BACKGROUND OF THE PRESENT INVENTION

[0002] The rechargeable battery is applied as power of the portable electronic devices, such as Personal Digital Assistant (PDA), digital still camera (DSC), digital video camera (DV), note-book personal computer (NB), or cellular Phone. Therefore, it is high maneuverability in application which is not restricted by time or space.
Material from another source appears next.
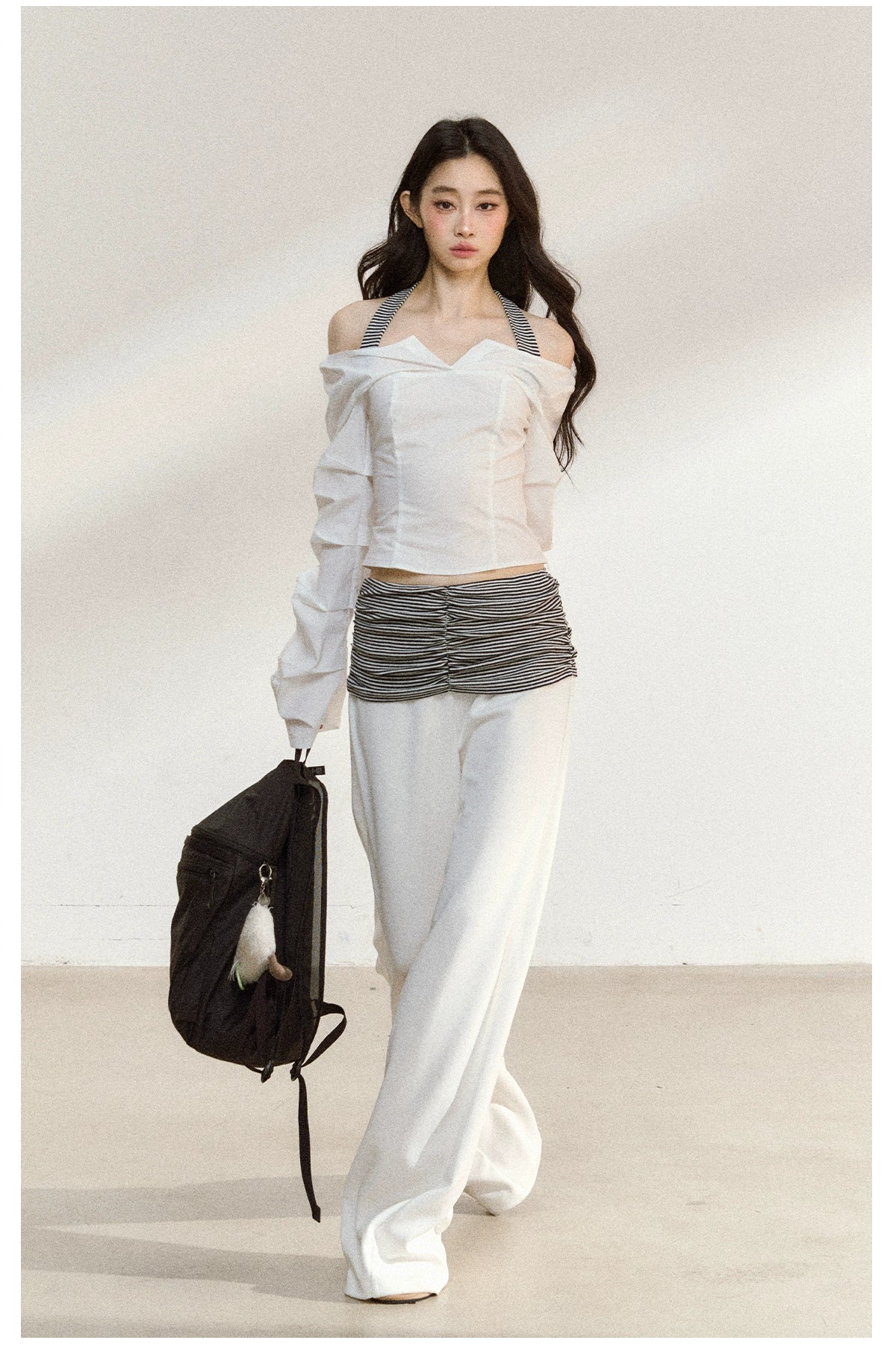 Striped Waist Panel Relaxed Straight-Leg Trousers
[0003] However, the rechargeable battery for portable electronic devices is usually provided with less electric capacity and its electric capacity will be consumed as the operation time of portable electronic device increases. Because of the above reason, the shortcomings of portable electronic devices are limited by electric capacity of rechargeable battery and needed to judge whether to charge immediately or not. When it is not allowed to charge the battery of portable electronic devices immediately in situation, the portable electronic devices can not work because the power is exhausted.

[0004] In order to solve the problem that out of power for portable electronic devices, the known solution includes at present as follows:

[0005] (1) Prepare a replaceable backup battery;

[0006] (2) Use the portable power supply device to be main power instead of rechargeable battery inside the portable electronic device;

[0007] (3) Use the portable power supply device to charge power to the rechargeable battery inside the portable electronic device;

[0008] For example, the U.S. Pat. No. 6,709,784 discloses one kind of backup battery charging devices for cellular phone. When user exhausts power of cellular phone, this backup battery charging devices can be applied to charge the rechargeable battery inside cellular phone in order to extend conversation time.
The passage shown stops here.